Vizeweltmeisterin, Europarekordlerin, zweifache deutsche Rekordlerin, Bronzemedaillengewinnerin mit dem Team: Melat Yisak Kejeta (Laufteam Kassel) feierte bei der Halbmarathon-Weltmeisterschaft in Polen ein sensationelles DLV-Debüt. - Foto: Michael Bald
Melat Kejeta: Mit Rekordjagd zur Vizeweltmeisterin 2020 – EAM Kassel Marathon
Unfassbar, unglaublich, sensationell: Die Leichtathletik-Experten und die nationale und internationale Presse überschlagen sich geradezu in Lobeshymnen über Melat Yisak Kejeta.
Die 28-Jährige selbst bleibt auch nach dem größten Erfolg ihrer Karriere so, wie man sie kennt: bescheiden und demütig. „Ich freue mich sehr, sehr über meine Leistung und danke Gott“, sagt sie. Bei der Halbmarathon-Weltmeisterschaft in Gdynia (Polen) hatte die Athletin des Laufteam Kassel zuvor gleich für mehrere Paukenschläge gesorgt.
Sie wurde bei ihrem Debüt im Nationaltrikot Vize-Weltmeisterin, pulverisierte den Deutschen Rekord in 1:05:18 Std. um fast zweieinhalb Minuten, was gleichzeitig auch Europarekord für ein reines Frauenrennen bedeutet, sammelte unterwegs einen neuen Deutschen 10 km-Rekord (30:47) ein und holte gemeinsam mit dem deutschen Team noch die Bronzemedaille.
Dass ihr bei ihrem Sprung in die Weltelite nur winzige zwei Sekunden zu einem neuen Weltrekord für Frauenrennen fehlten, den sich Siegerin Peres Jepchirchir (Kenia, 1:05:16) holte, störte Melat Kejeta nicht weiter. Dass sie nach den intensiven Höhentrainingslagern in St. Moritz (Schweiz) schnell sein würde, hatte sie aber geahnt. „Ich wollte 1:06 oder 1:07 laufen und mein Bestes geben, dass es dann 1:05 wurde, hat mich aber doch überrascht“, erzählt sie nach dem Rennen.
Schon bei ihren letzten Auftritten hatte Melat Yisak Kejeta, die vor einem Jahr mit ihrer Leistung beim Berlin-Marathon als zweitbeste Deutsche aller Zeiten (2:23:57) in den internationalen Fokus lief, gezeigt, dass sie Rennen in der Spitzengruppe ganz fokussiert mitgehen kann.

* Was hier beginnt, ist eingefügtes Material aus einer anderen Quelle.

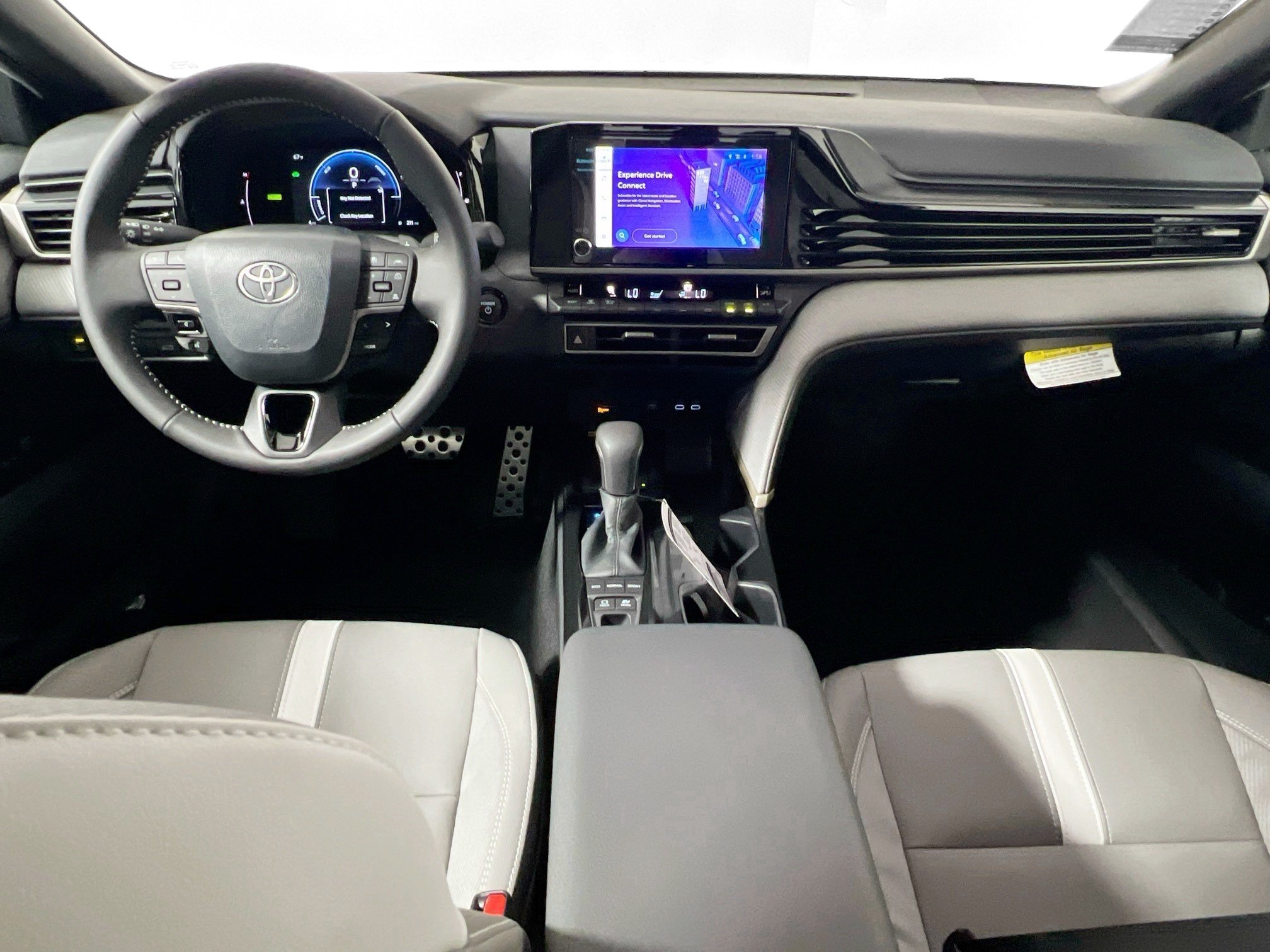 Used 2026 Toyota Camry SE FWD image 29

Diese Taktik wählte sie bei idealen Bedingungen an der Ostsee auch bei der Halbmarathon-Weltmeisterschaft.
Bei Kilometer 10 verbesserte sie den Deutschen Rekord von Irina Mikitenko aus dem Jahr 2008 um zehn Sekunden auf 30:47 Minuten. Schon da fieberten am youtube-Live-Kanal die Teamkolleginnen und -kollegen des Laufteam Kassel begeistert mit.

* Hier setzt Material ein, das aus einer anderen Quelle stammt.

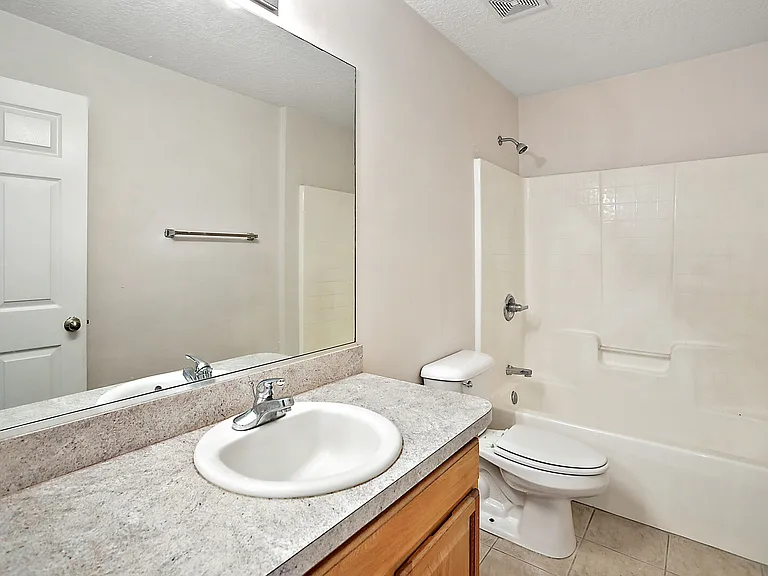 1204 Wood Duck Ln — Photo 4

Die Baunatalerin ließ sich auch später von Stürzen im Feld, unter anderem von Weltrekordlerin Ababel Yeshaneh, nicht aus der Ruhe bringen. Zielgerichtet lief sie weiter und sicherte sich als Vize-Weltmeisterin in 1:05:18 den neuen Deutschen Rekord, den Lauf-Legende Uta Pippig zuvor 25 Jahre gehalten hatte (1:07:58). Die bisherige Rekordhalterin war eine der Ersten von vielen, die der Neuen gratulierte: „Herzlichen Glückwunsch und das hast Du super gemacht! Ein Mega-Lauf! Alles Gute für alle Deine kommenden Ziele, auch an Deinen Coach.“
Denn für Winfried Aufenanger, der in seiner Zeit als DLV-Bundestrainer mit Ralf Salzmann, Konrad Dobler und anderen bereits internationale Erfolge feiern konnte, war es der größte Erfolg als Heimtrainer und legte mit seiner Arbeit den Grundsein dazu. Er hatte seiner Athletin schon länger eine solche Leistung zugetraut und auch Deutsche Rekorde für möglich gehalten. Dass es jetzt gleich zwei auf einmal, ein Europarekord, und einen Vize-WM-Titel gab, findet aber auch der erfahrene Coach „unglaublich“.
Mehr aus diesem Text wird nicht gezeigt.